(Stored items from a collection)
Content starts

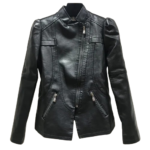 Ramoneska damska czarna slim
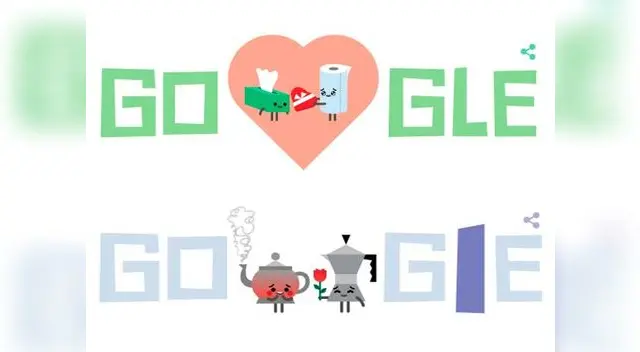 Este es el doodle del buscador por San Valentín. Este es el doodle del buscador por San Valentín.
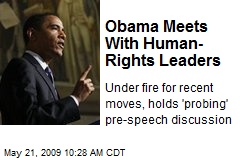 Obama Meets With Human- Rights Leaders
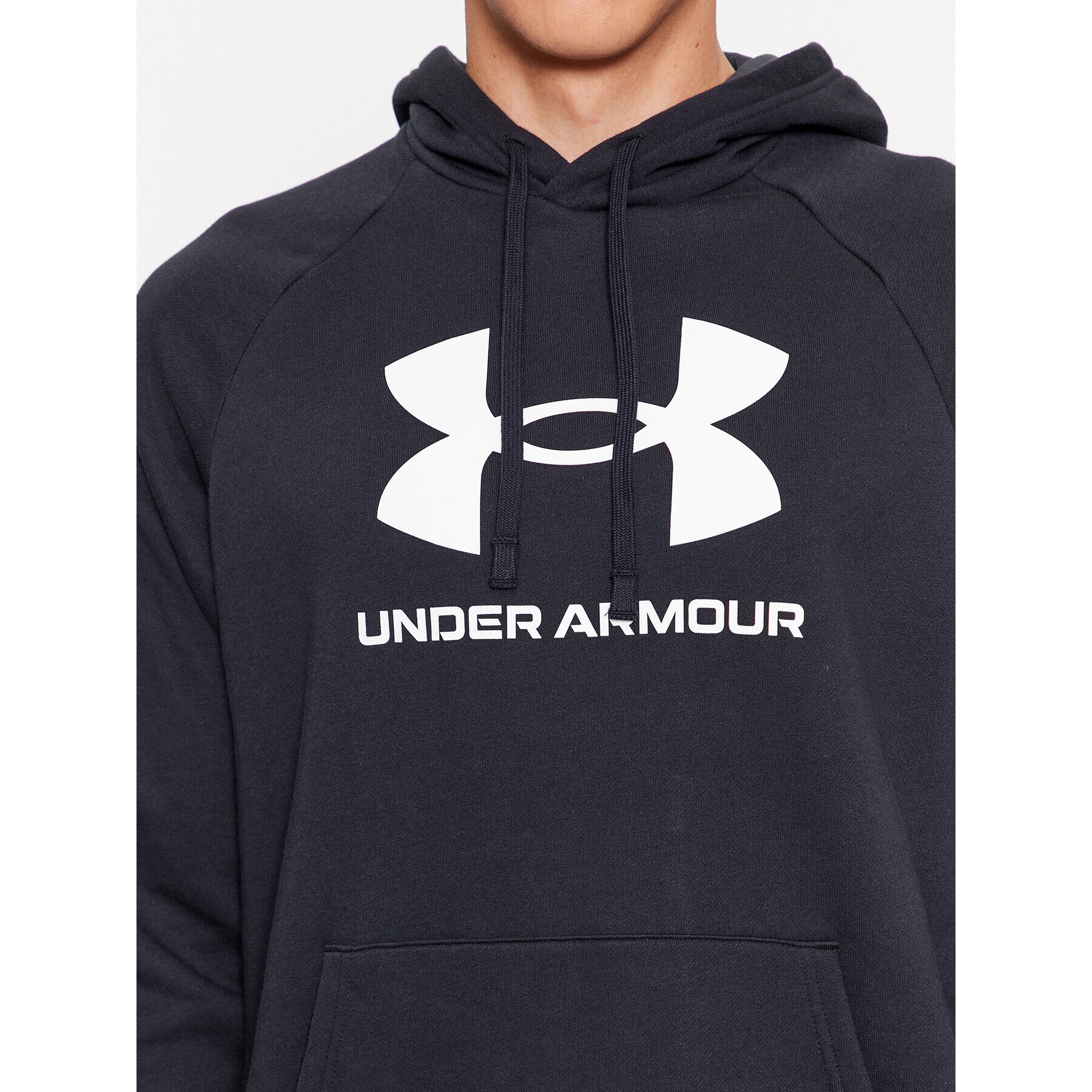 Under Armour Bluză Ua Rival Fleece Logo Hd 1379758 Negru Loose Fit - Pled.ro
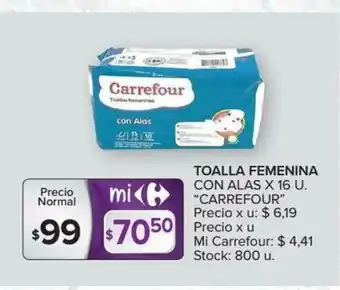Carrefour Carrefour Toalla Femenina Con Alas x 16 U oferta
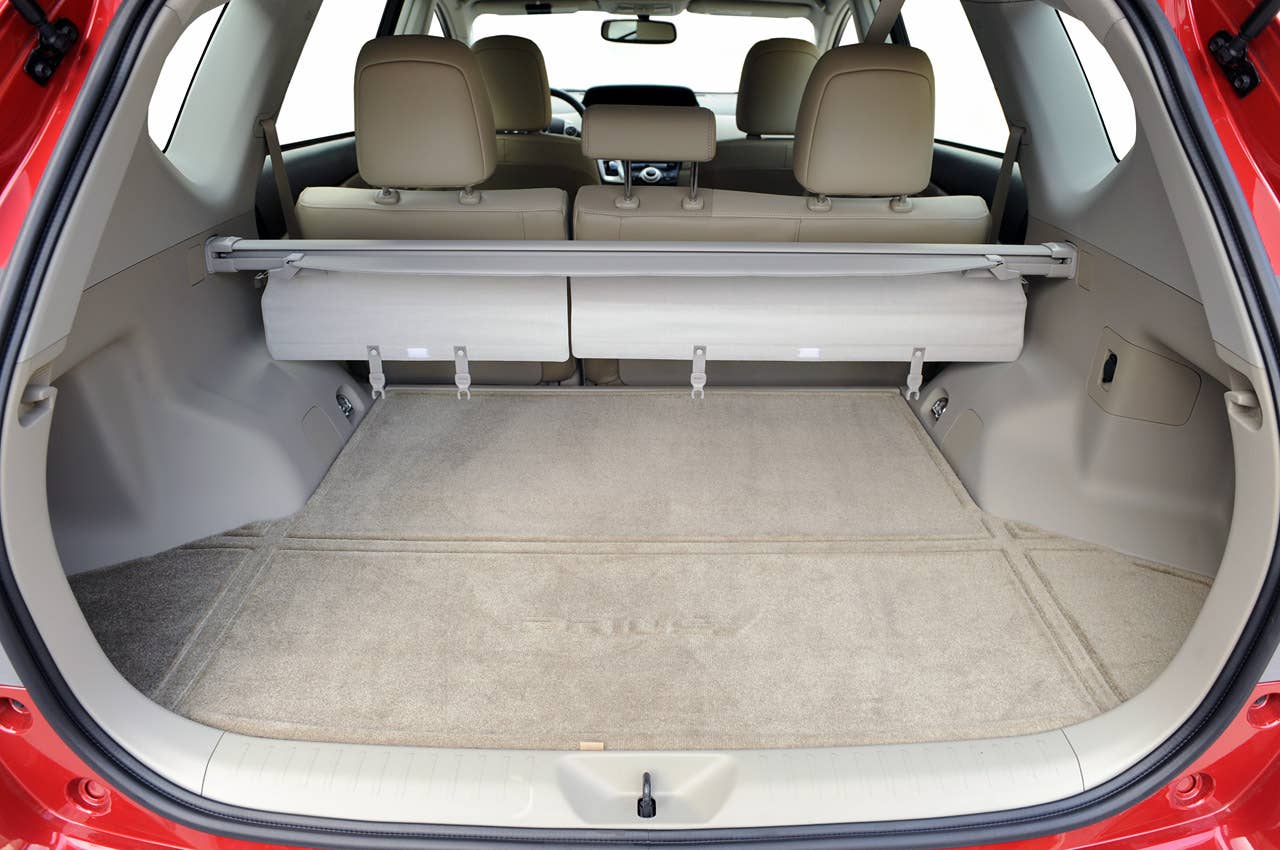 2012 Toyota Prius V rear cargo area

Content ends

__What to do__: The entries above need an exact copy without their pictures.

__Solution below__:
 Ramoneska damska czarna slim
 Este es el doodle del buscador por San Valentín. Este es el doodle del buscador por San Valentín.
 Obama Meets With Human- Rights Leaders
 Under Armour Bluză Ua Rival Fleece Logo Hd 1379758 Negru Loose Fit - Pled.ro
Carrefour Carrefour Toalla Femenina Con Alas x 16 U oferta
 2012 Toyota Prius V rear cargo area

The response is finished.